A dirla tutta il cast non è poi così male, in questo
ambito potevamo aspettarci decisamente di peggio, invece, nonostante
non potranno mai reggere il confronto di Shiri Appleby (Liz), Jason
Behr (Max), Katherine Heigl (Isabel), Brendan Fehr (Michael) e Nick
Wechsler (Kyle), non è un cast da bocciare senza remissione di
colpa. Presa in disparte - al di là della serie madre -, tirando le somme ci aspettavamo di peggio, la
delusione non è così cocente, la serie in se è tutto sommato
guardabile, anche perché la The CW ha visibilmente voluto a tutti i
costi mantenere pressoché intatto tutto il contorno della precedente e più nota, anche le divise dei poliziotti sembrano le stesse, molti
dei luoghi sembrano esattamente quelli, restare quindi fedele
all'immagine che noi avevamo è tutto sommato un punto a favore.
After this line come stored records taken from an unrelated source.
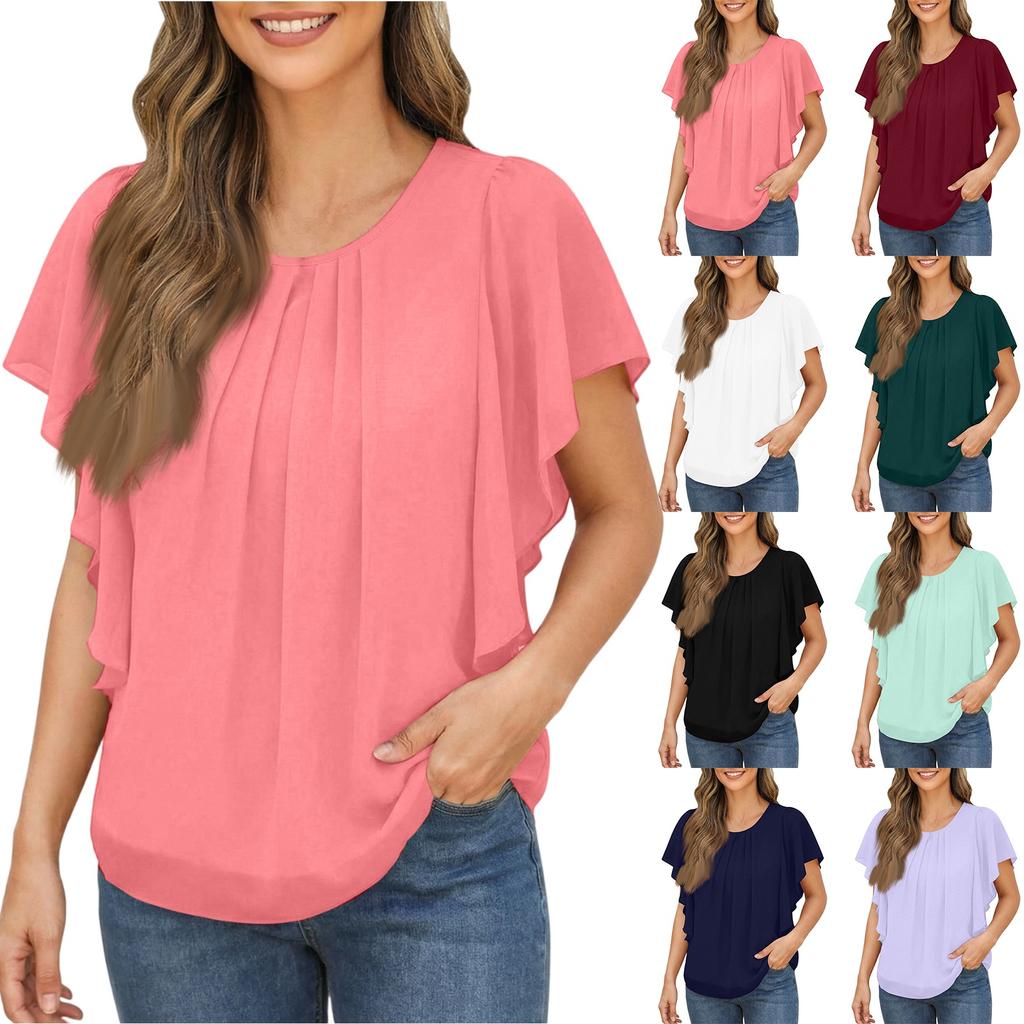 Damska modna elegancka bluzka casual z krótkim rękawem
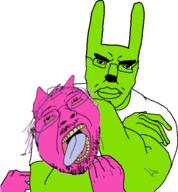 2_gay_cats 2soyjaks animal_ears arm bloodshot_eyes buff choke_hold chud clothes ear glasses green_skin hair hand headlock hoops_and_yoyo makeup mustache open_mouth pink_skin purple_hair soyjak strangling stubble subvariant:chudjak_front the_weak_should_fear_the_strong tongue tranny tshirt variant:bernd variant:chudjak yoyo // 496x534 // 82.9KB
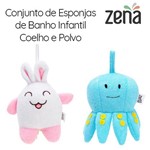 Conjunto com 2 Esponjas de Banho Infantil | Coelho e Polvo | Zena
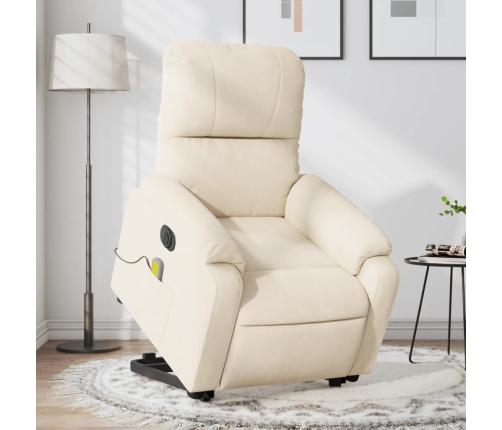 Sillón masaje eléctrico reclinable elevable tela beige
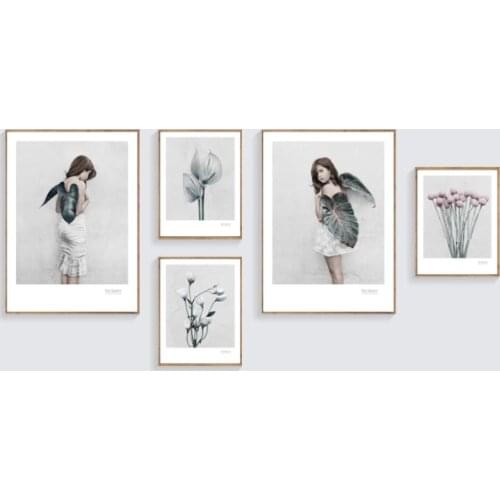 Nordic Modern Art Canvas Painting Angel Girl Flowers Grey Style Posters and Print Figure Painting Wall Pictures for Living Room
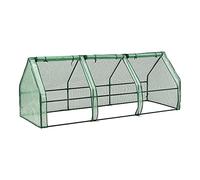 Châssis de Jardin avec Toiture à 2 Pans Mini Serre de Jardin à 3 Fenêtres Zippées Châssis de Couche pour Fleurs Légumes Fruits Acier Polyéthylène 240 x 90 x 90 cm Vert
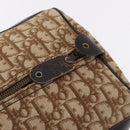 Christian Dior Trotter Canvas Boston Bag Beige Gold Auth 193848-16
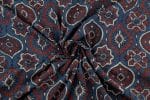 Natural Indigo Blue Dye Handblock Ajrakh Printed Cotton Fabric - Image 3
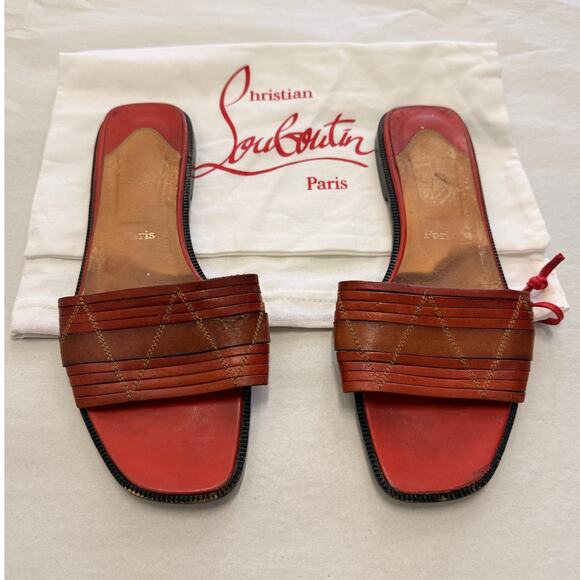 Christian Louboutin Burgundy Mule Slide Sandal Size EU 37.5 US 7.5 - Picture 1 of 6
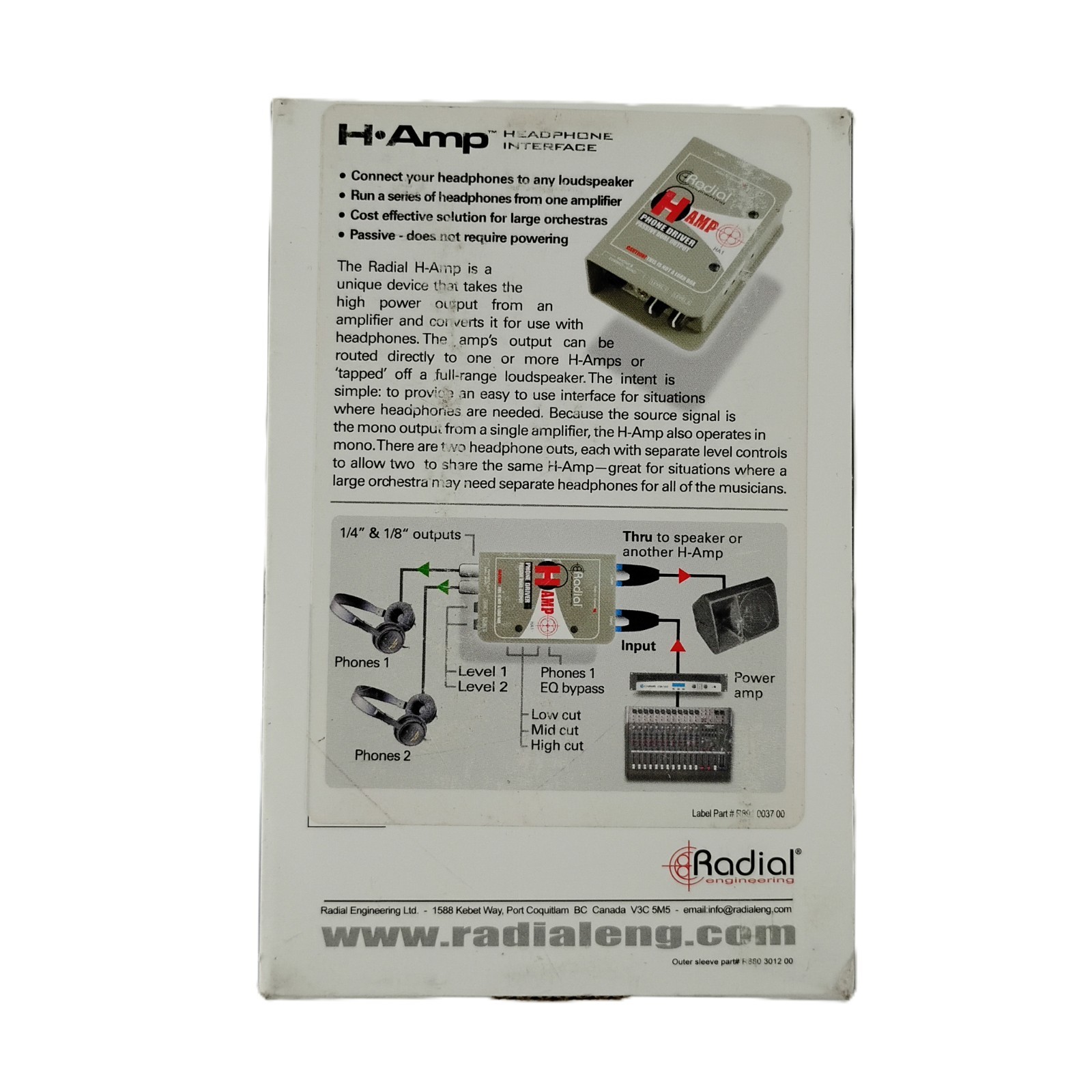H-Amp Passive Speaker To Headphone Interface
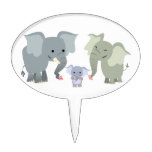 Cute Cartoon Elephant Family Cake Pick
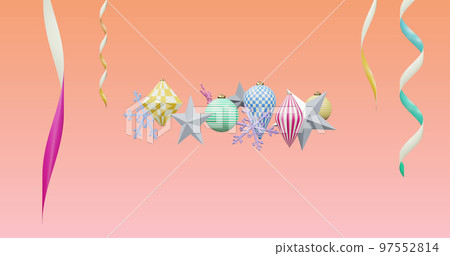 Image of new year and christmas decorations on pink background Image of new year and christmas decorations on pink background 97552814
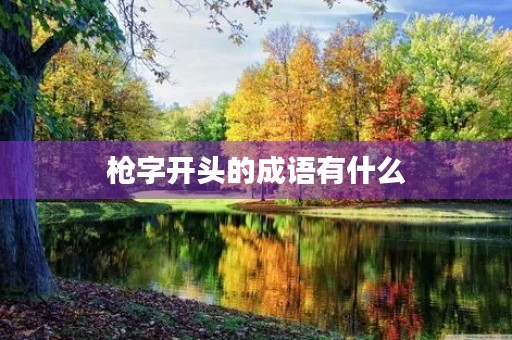 枪字开头的成语有什么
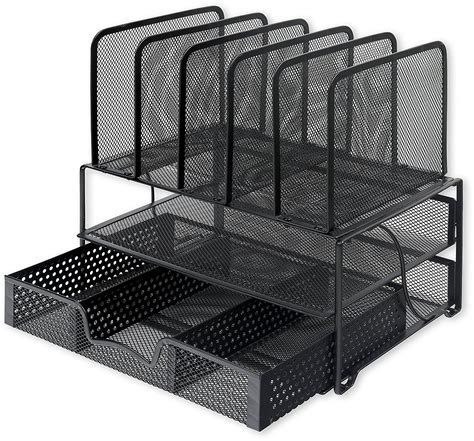 Simple Houseware Mesh Desk Organizer With Sliding Drawer Double Tray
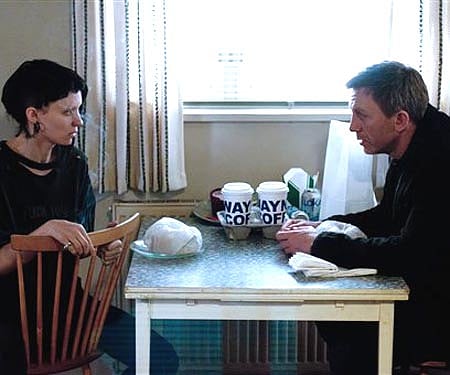 Rooney Mara, left, and Daniel Craig are shown in a scene from 'The Girl With The Dragon Tattoo'. (AP Photo/Sony, Columbia Pictures, Merrick Morton).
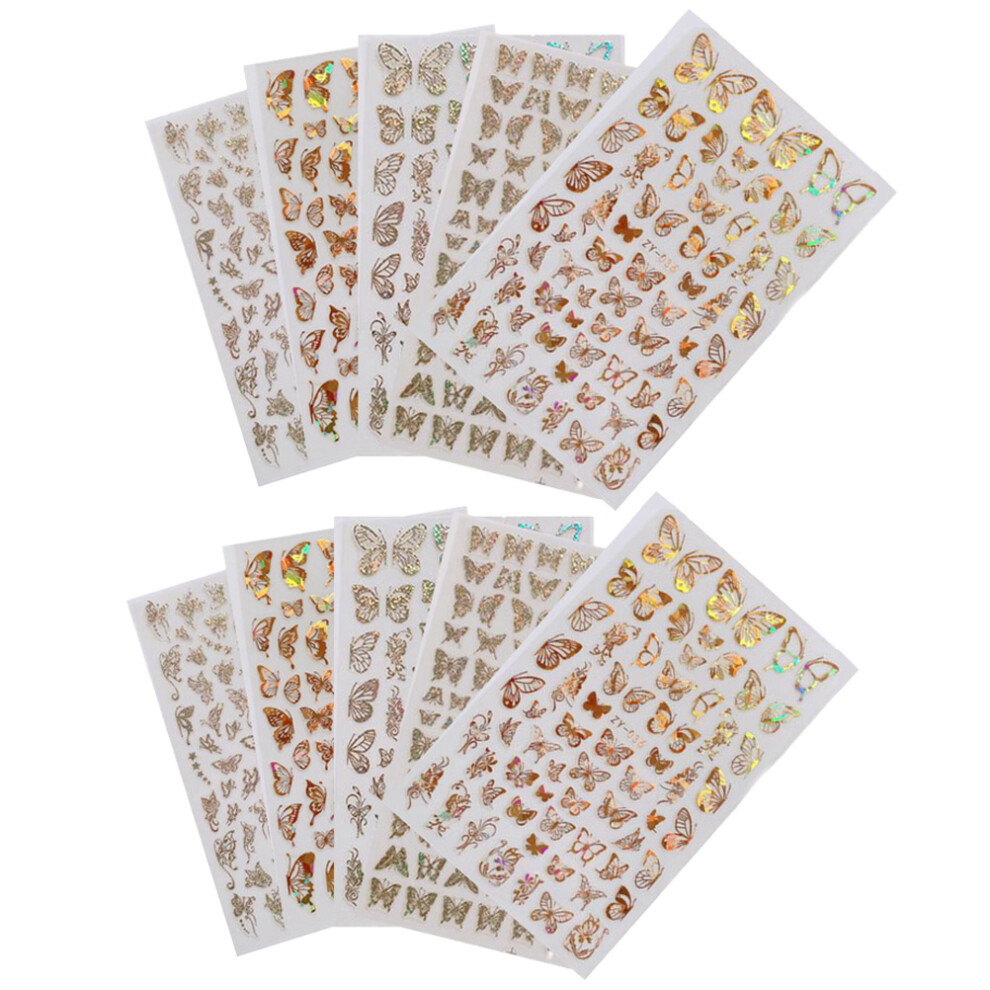 Solustre 10Pcs Simulation Decals Gilding Nails Sticker Assorted Style And Color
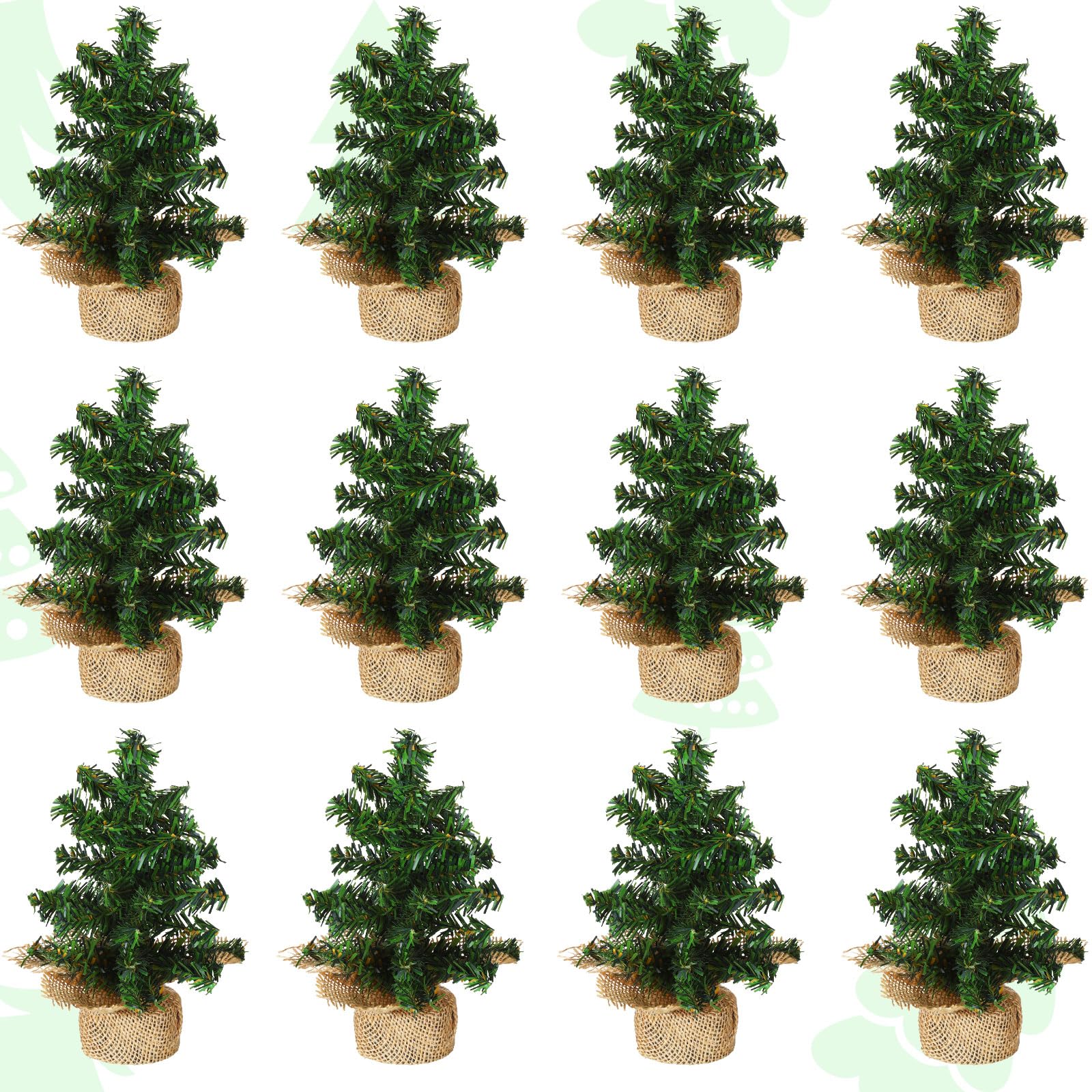 Yinder Tabletop 12 Pcs Mini Christmas Tree 5.91 Inches Artificial Mini Xmas Miniature Pine Christmas Tree with Linen Base for Xm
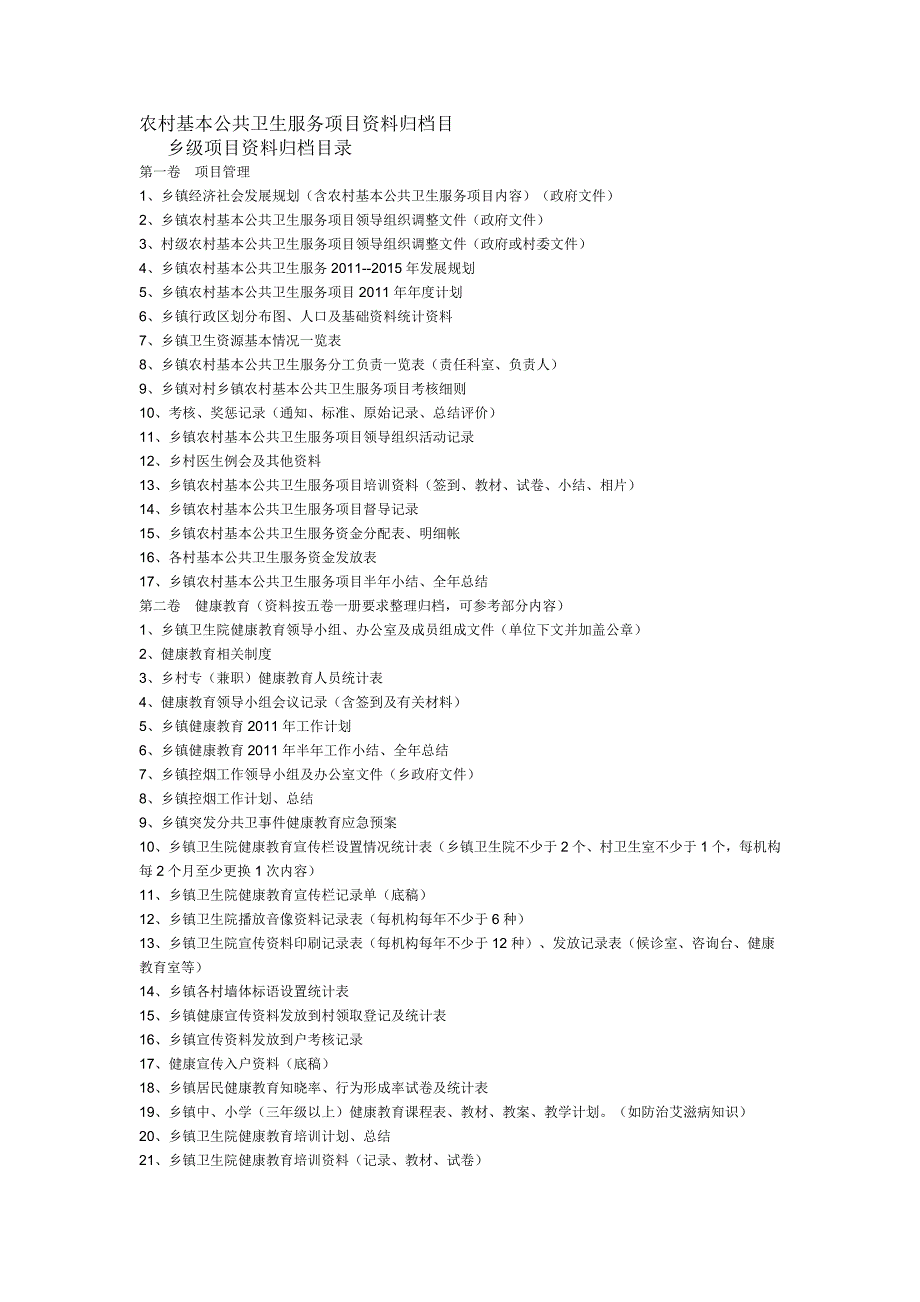 农村基本公共卫生服务项目资料归档目.doc_第1页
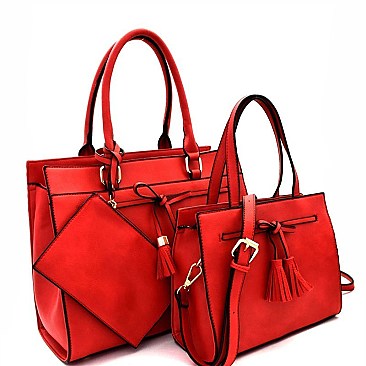 Tassel Bow Accent 3 in 1 Twin Satchel Value SET MH-EW3002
Certo viene difficile abituarci ad un Michael omsessuale innamorato
di Alex e ad una Maria che da bionda diventa afro, alcune
cose ci hanno turbato e ci sono apparse delle forzature, come a voler necessariamente cavalcare l'onda dell'attualità. Va da sè che la trama risulta a tratti
interessante, le poche novità apportate, di cui non vi parlaremo in
questo contesto per non spoylerare troppo, stuzzicano: il
finale del Pilot – primo episodio nel quale a nostro avviso si
svela sin troppo – lascia aperti scenari tetri e misteriosi.
Non urliamo al capolavoro, sia chiaro, ma
“Roswell: New Messico”, seppur con una narrazione limitante dal
punto di vista dell'originalità, potrebbe essere un buon passatempo,
forse più estivo che invernale, ma niente di più.